Przypomnijmy: Kim Cattrall miażdży Sarah Jessikę Parker: "Przestań promować się na śmierci mojego brata! NIE JESTEŚMY przyjaciółkami"
Chcąc najwyraźniej uzupełnić lukę po uwielbianej przez widzów Kim Cattrall, producenci planują zaprosić do współpracy cały zastęp "nowych twarzy". Dziennikarze brytyjskiego The Mirror trafili właśnie na trop pierwszej gwiazdy, która najprawdopodobniej zagra w kontynuacji Seksu w wielkim mieście. Według ich doniesień, na ekranie będziemy mieli okazję zobaczyć 71-letnią... Caitlyn Jenner.
Caitlyn udziela się publicznie od prawie 50 lat. Świetnie nadaje się do tej roli. Producenci szukają nowych twarzy do serialu, ale zależy im na osobach, z którymi widownia jest dobrze zaznajomiona i które są jej bliskie - zdradza informator tabloidu.
Wybór zadeklarowanej republikanki może nieco dziwić, trzeba jednak pamiętać, że oryginalny serial wielokrotnie oskarżany był o brak różnorodności wśród przedstawionych bohaterów. Obecność na ekranie Caitlyn Jenner mogłaby okazać się więc środkiem zapobiegawczym przeciw kolejnym głosom krytyki.

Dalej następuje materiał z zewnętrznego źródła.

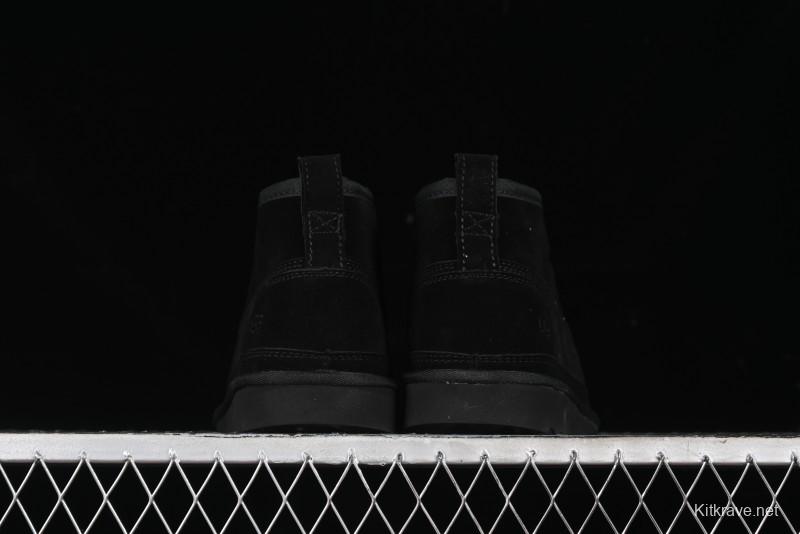 UGG Neumel Moc Ankle Boots in Suede with Shearling Lining - 1121645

Mimo że Caitlyn najbardziej znana jest ze swoich sportowych osiągnięć i bycia upokarzaną przez swych najbliższych w Keeping up with the Kardashians, to i tak może się pochwalić kilkoma wystąpieniami w fabularyzowanych produkcjach. W 1980 roku zagrała w filmie Can't Stop the Music. Niektórzy mogą ją również pamiętać z policyjnego programu CHiPs. Całkiem niedawno wróciła do gry, biorąc udział w nagraniach do sitcomu Duke of the Valley.
Myślicie, że obecność Caitlyn będzie w stanie w choćby najmniejszym stopniu zrekompensować widzom pustkę pozostawioną po Kim Cattrall?